Here are some tips on building a home in Panama.

Find architecture plans on the internet: You can use architecture plans you have found on the internet, but remember that they should be meant for concrete block construction, which is the way houses in Panama are built. You can buy the plans and use software like AutoCAD to modify them if needed.

Hire a Panama architect: Your architect can modify the plans for earthquake construction.

Negotiate the costs: Negotiate with the architect that you should be the owner of the plans. Also, the costs for any alterations in the future should be given to you in writing. Your architect must visit the construction site, so you will need to get the number of visits and the charges for these down in writing.

Hire a lawyer: Employ a reputed and competent Panama real estate lawyer to draw up the contracts in English and Spanish.

Your architectural plans will need to be made in line with Panama's laws

© 3844328 on Pixabay

Open a construction account: This can be done with a local bank or escrow company that can issue pre-agreed payments to your general contractor. Someone from the escrow company or a loan official will be there to inspect the site before making each payment. This is helpful, as it will prevent fraud by the contractor.

Bidding: You can put the plans up for bidding once the architect has included detailed specifications up to your satisfaction.

Doing it yourself: If you opt to do it yourself to reduce expenses, make a contract with a local contractor to construct the shell of the home, called ‘in the gray’. You can then complete the building yourself. You can hire tile layers, plumbers, electricians and painters, but the documents must be submitted by the first contractor who constructed the shell in order to get the occupancy permit. For this you will need to have a written contract that covers these charges.

Acting as a construction manager: If you choose to act as a construction manager and hire subcontractors, you will be required to establish a credit line from the local bank. This will enable you to order the required materials and pay the charges. This is an economical step as you can depend on the builder to place orders for the necessary materials, which he will get at a 10 to 15 percent discount, and yet charge you up to 30 percent over retail as a mark up. Your credit line will make sure that all subcontractors are paid their due, and the materials and supplies are paid for.

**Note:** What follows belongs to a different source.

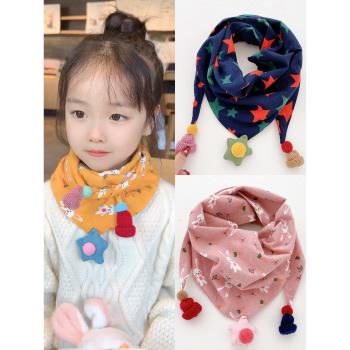 韓系秋冬季防風保暖純棉女童圍巾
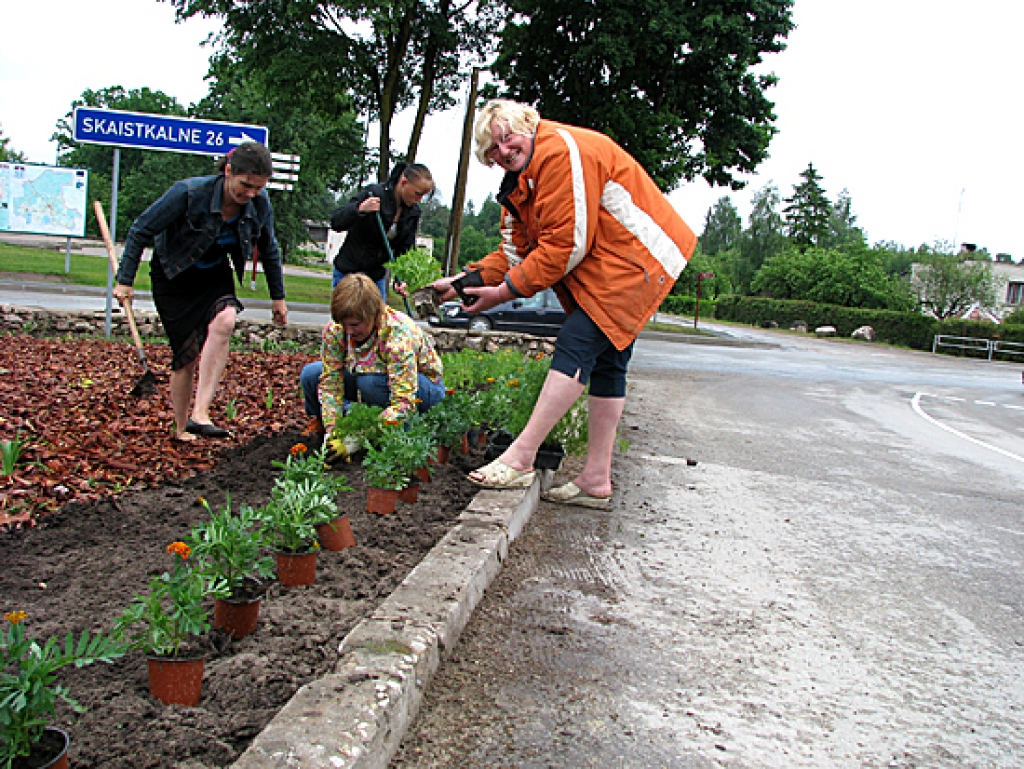 «Ilgi gaidījām lietu, lai dobes malas apstādītu ar samtenēm, kas jau zied,» stāsta Leontīne Grinberga (no labās). Stādīšanā piedalījās Līga Veismane, Jautrīte Haritonova, Ieva Grigane. 
Autors: Juris Iļņickis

Visit the site every day: It is advisable to visit the site daily to ensure that the work is being carried out correctly.

Some expats choose to buy an existing structure built for a foreigner and then remodel it, as such a home will likely have different specifications than a local, and these could better fulfill their needs. Another alternative is to request references for reliable builders from other expats and use their architects to draw up the plans. This could work out to be cheaper than purchasing architect plans on the internet and having these modified by an architect who will charge higher fees.

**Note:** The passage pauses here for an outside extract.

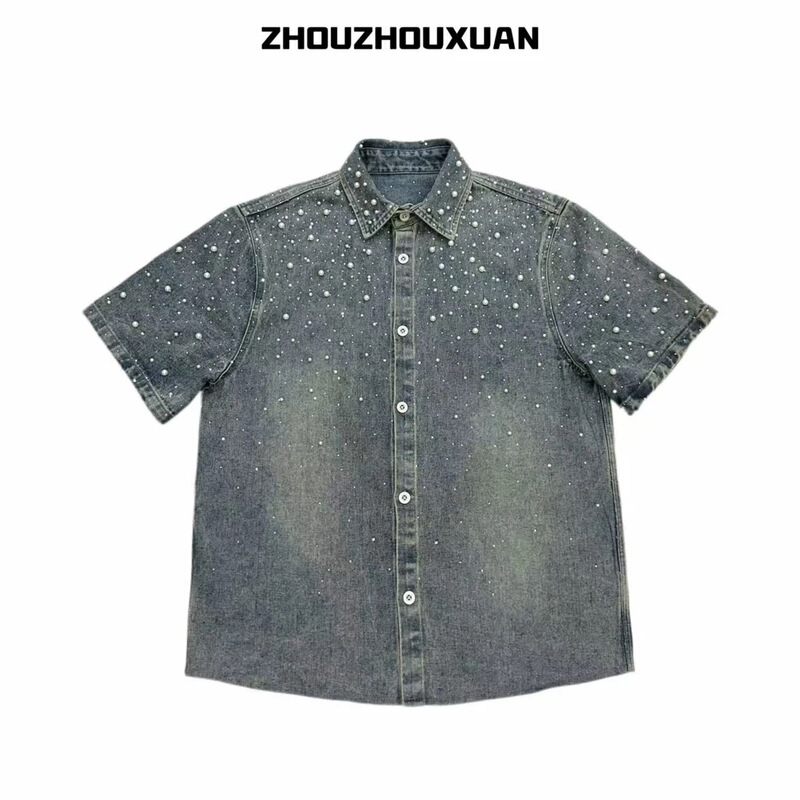 [Original Rhinestone Pearl Shirt] Washed and Distressed Denim Short-Sleeve Shirt, Half-Sleeve Jacket, Unisex Fashion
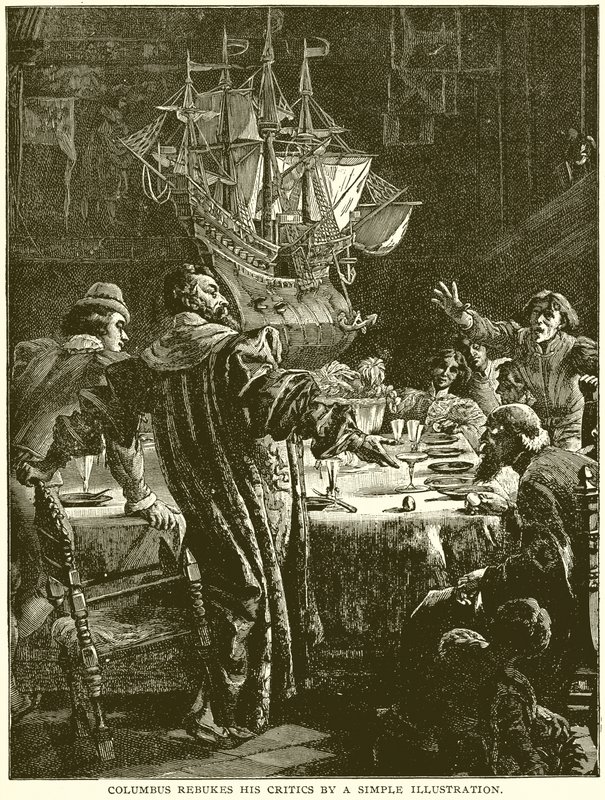 Columbus irettesætter sine kritikere ved en simpel illustration af English School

Panama is a beautiful location with an abundance of land-buying options

© Profotos-de on Pixabay

Here are some common FAQs about building a home in Panama.

Is it safe for expats to buy property in Panama?
Yes, buying property in Panama is generally considered safe. The country has a number of laws that protect foreign investment. Private property is also safeguarded by the country’s constitution.

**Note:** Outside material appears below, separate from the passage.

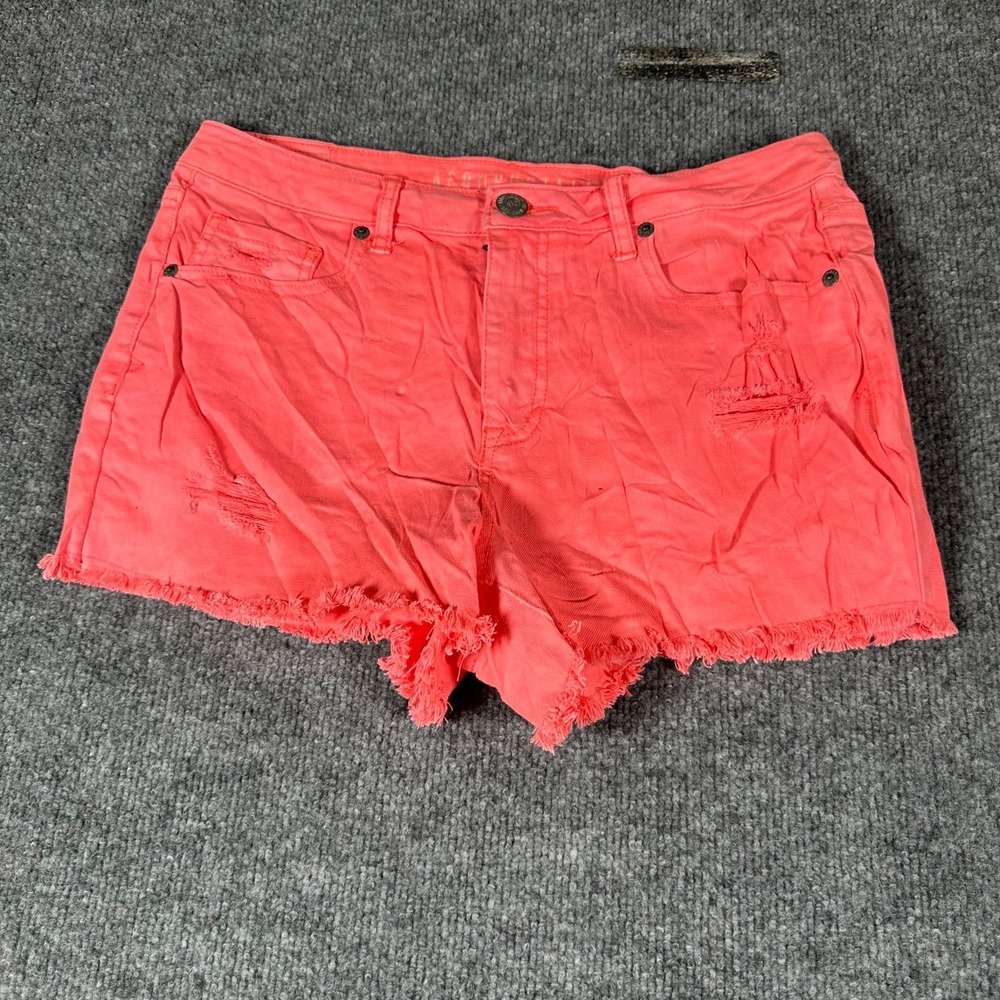 Aeropostale Shorts Womens Size 8 Coral Pink Distressed Raw Hem Cotton Stretch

Is it legal for expats to buy property in Panama?
Yes, it is legal for expats to own titled property in their names. It is sometimes recommended that expats hold all property under the name of a corporation in Panama in order to protect the asset and also for income tax purposes.

What are the government taxes or charges for the transfer of property titles to the buyer?
The Panamanian government levies a 2% property title transfer tax, which is based on the value set in the registered sale deed. Based on the sale value, there is also a 3% advance of capital gains tax. In addition, there are notary fees that range from $200 to $300, and public registry fees for registering the sale of real estate, which is based on the sale value.

In the case of beachfront properties, is it legal to obstruct public access to the beach?
Panamanian laws allow public access to all beaches, lakes, rivers and oceans in the country. Therefore public access must be allowed unless there is access to the beach within 1000 meters from the property in question.